In order to ensure there is no period of time in which loss of keyshares would incur loss of network funds, operators must immediately back up their keyshares after each churn. Currently the official mechanism for this backup is the utility command make backup in the node-launcher repo, which will copy the keyshares to the operator's local machine. This approach requires responsive and proactive node operators to continuously backup to protect the network, and there is no way for external persons to verify existence of node backups.

Since moving away from Yggdrasil vaults in favor of a greater number of Asgards, some risk is reduced since loss of funds requires losing a supermajority of members, but risk remains. In the ideal scenario, a node operator should be able to securely backup only their mnemonic once and leverage it to recover their node and any corresponding funds.


Decision

TBD - there have been many discussions around this, and the options listed in alternatives are still relevant.


Detailed Design

The proposed design extends the TssPool message sent after vault creation to include a keyshares_backup field, which contains the bytes for the newly created keyshares after churn, compressed with lzma (to reduce chain bloat), and symmetrically encrypted using the node's mnemonic as the passphrase (the same mnemonic generated at node creation used for the thornode private key). The initial pass of this implementation began before the introduction of the ADR process and is currently under review at https://gitlab.com/thorchain/thornode/-/merge_requests/2235. These keyshares will intentionally skip storage in a KV store in the thornode application state to avoid further bloat, instead a CLI utility will be provided to via tci to pull and decrypt the latest keyshare backup for the node from an RPC endpoint, via tci nodes recover-keyshares --address <node-address>

Checks

Sanity checks against mnemonics before encryption:

  1. Validate BIP39 mnemonic.
  2. Validate the entropy of the byte-wise probability distribution of the mnemonic (greater than the minimum of 1e8 randomly generated mnemonics).

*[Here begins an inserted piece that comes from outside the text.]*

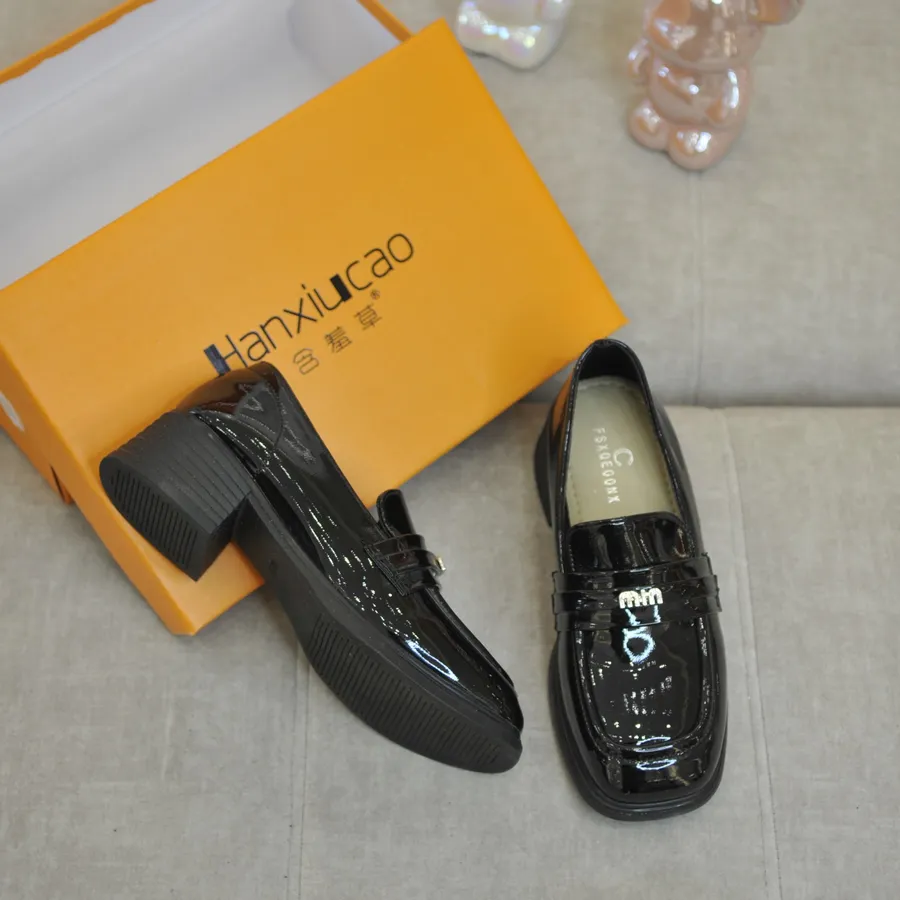 Giày Búp Bê Nữ TGG 2802-3 Da Bóng Màu Đen Size 38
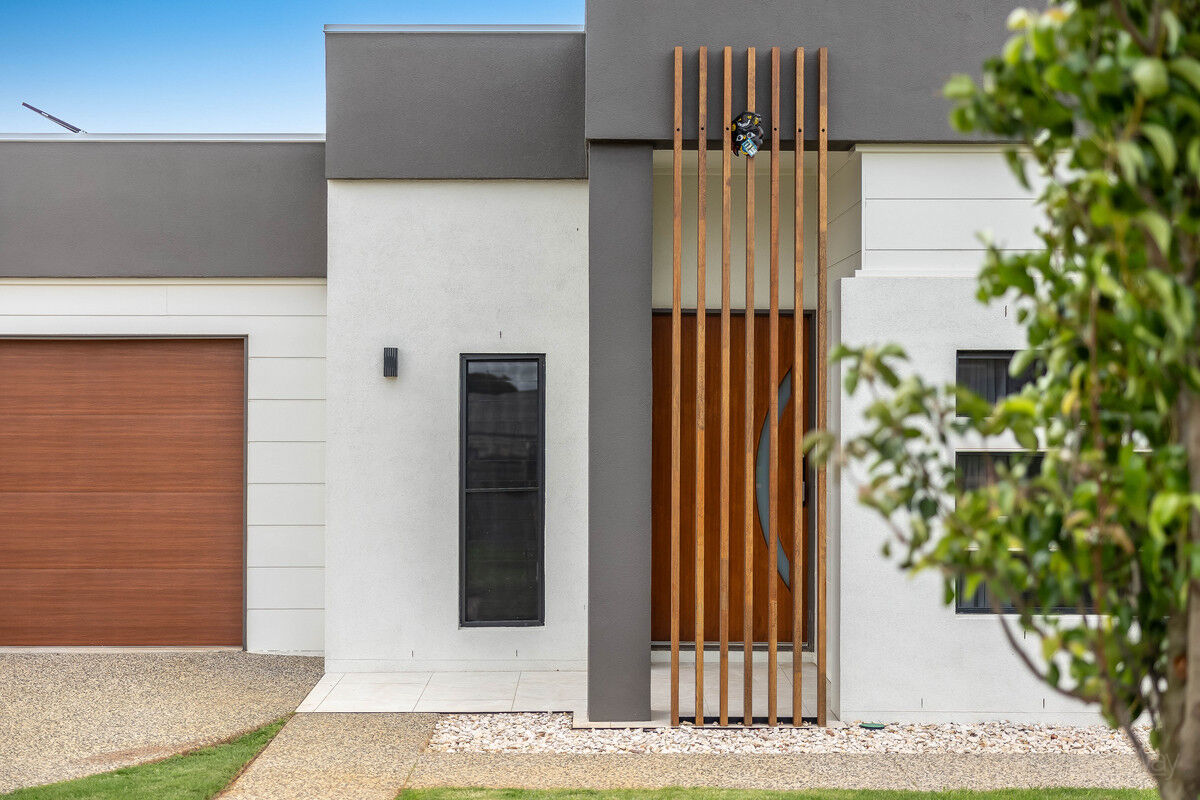 23 Alexander Avenue, Highfields QLD 4352, Highfields - Thumbnail 2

Sanity checks against encrypted payload before send:

  1. Check that encrypted output is not equal to input.
  2. Check that decrypted output equals the input.
  3. Check that the output does NOT contain the input.
  4. Check that the output does NOT contain the passphrase.
  5. Check that the output does NOT contain any word of the passphrase.

Positives

  1. Publishing the encrypted keyshares to the chain allows anyone to verify that a sufficient number of keyshares have been preserved such that loss of funds is not possible, so long as NOs have backed up their mnemonic.
  2. Embedding the shares in the TssPool messages ensures that the shares are preserved immediately at the time of creation.

Negatives

  1. Although we compress the shares before encrypting to reduce size, this results in some bloat in chain state. This size is dependent on the number of members in an Asgard, but is on the order of 100Kb in current conditions - breaking the same set of nodes into more asgards reduces the aggregate size of this bloat.
  2. Although we add a significant number of checks to prevent it, there is some risk in publishing these keyshares to a location that is publicly visible. Note that most of the vectors we consider a malicious actor could take (infra, supply chain) would result in them having access to the keyshares before they are encrypted and published anyway.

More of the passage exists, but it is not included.